只见司命向后退,竹笙就向前追,司命一个不留神,跌坐在地,这时竹笙也抢过了司命袖中的东西,向前倒去。此时在司命的眼中的画面是,一个黄衣男子,先是得意后是慌乱,看着那张俊脸在他眼前越放越大,后来黄衣男子的眼神逐渐深情。两人就这样你看我我看你。司命先回了神,说:“殿下?”
竹笙也回了神,连忙起身,抬眼看见了手中的东西,一缕灰发,发上泛蓝。一看便了然。
竹笙目泛怒光,抬起拿着灰发的手:“化身术?她胆子可真大,若是最后这缕灰发的仙气散尽还好,可如若受了污浊,或是沾染了魔气,你可知会如何?”
司命被惊到,小声说:“如何?”
“生白发,若是事态严重,必定会满头灰发皆成白发。”竹笙恼怒的说。
“白发生,羽神灭!”司命此时两眼瞪大,嘴巴张着,未能回神。
但司命转念一想,这竹笙本就老爱捉弄他人,也不知道他说的是真是假,这灰发上还有着韵辞上神的血,她现在肯定还能感应到这发还在九重天,没有入轮回,要是被上神怪罪下来,他可受不起。于是他又去抢那灰发。而此时,竹笙正凝眸看着他,司命便扑过来抢,他还没有回神。随即向后仰去,手中的灰发在空中飘逸自得,划出一道美丽的弧线,不偏不倚的落入了瑶池之中,随后落入轮回不见,也不知投到哪里去了。
二人倒在地上,目瞪口呆的望着那灰发消失的地方。
待到二人回神,司命忙站起来,左右踱步,右手握拳,一下下的打在左手上。
“你在这走来走去,走来走去烦死了。”竹笙不烦躁的说。
司命停下脚步,盯着竹笙“都怪你,现在这灰发投在哪里都不知道,它化身与听陌上神是缘是仇也尚未可知。不行,我要赶紧去查命簿,看这灰发到底落在哪了。”
“还怪上我了。”竹笙摸了摸耳朵说。“哎,等等我,我跟你一起去。”
栀纭宫中,韵辞坐在那湖旁的的亭中,感应不到那灰发了,很好,她知道那发已经入了轮回。拧紧的秀眉微解,愁容终于散了些许。嘴角牵起一丝苦笑,又执起扇子扇动起来。
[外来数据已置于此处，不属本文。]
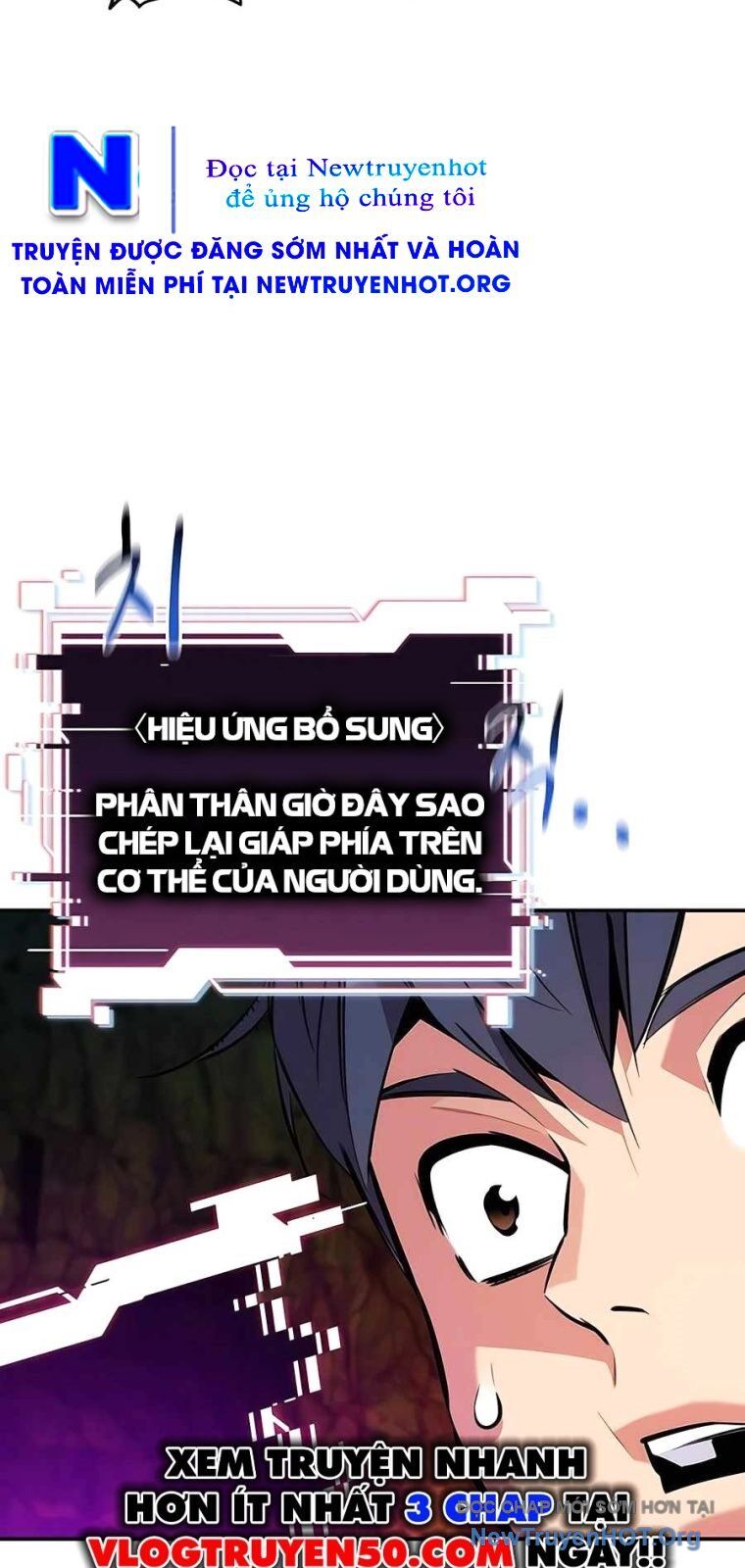 Đi Săn Tự Động Bằng Phân Thân Chapter 150 - 67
突然,宫门被人没好气的大力推开,见来人,韵辞便知所谓何事了。未等那人说话,韵辞便开口道:“云熠将军不去训天兵,来我宫中所为何事啊?”
“瑶池异动,你竟因他历劫而用了化身术?”云熠问道。
“连你也知道他要去历劫?”转头惊诧的看着他,并未回答,而是又感到痛心。
云熠的眼睛抖了下,说“那你还心甘情愿?值得吗?”
“我只知道我爱他,就要争取,无论值不值得,也无论他爱不爱我。总之,能和他有一段段缘,做一世的夫妻也是好的。就算是他爱上了我的发,那也是足够的,至少,我还有值得被他爱的。”韵辞堵气的说道。
云熠点了点头,转身怒气冲冲的向外走。
“云熠将军,你不用再去找司命了,发已入轮回,别无他法。”云熠突然站住脚步,听她讲道。
“也不用再来看我了,南海的二公主相貌不错,娴静纯良,你……”未等韵辞把话说完,云熠便大步流星的走了,留下一扇被关紧的红木门。宫中,粉白色的栀纭花纷纷坠落,落在那白裘上,绝美又凄凉。
司命宫中,竹笙司命二人在找那发到底落入哪里去了。
司命这时看着水月镜中的景象,和手中的命簿,眉头一皱,皱的都能夹死一只苍蝇,说道:“坏了!”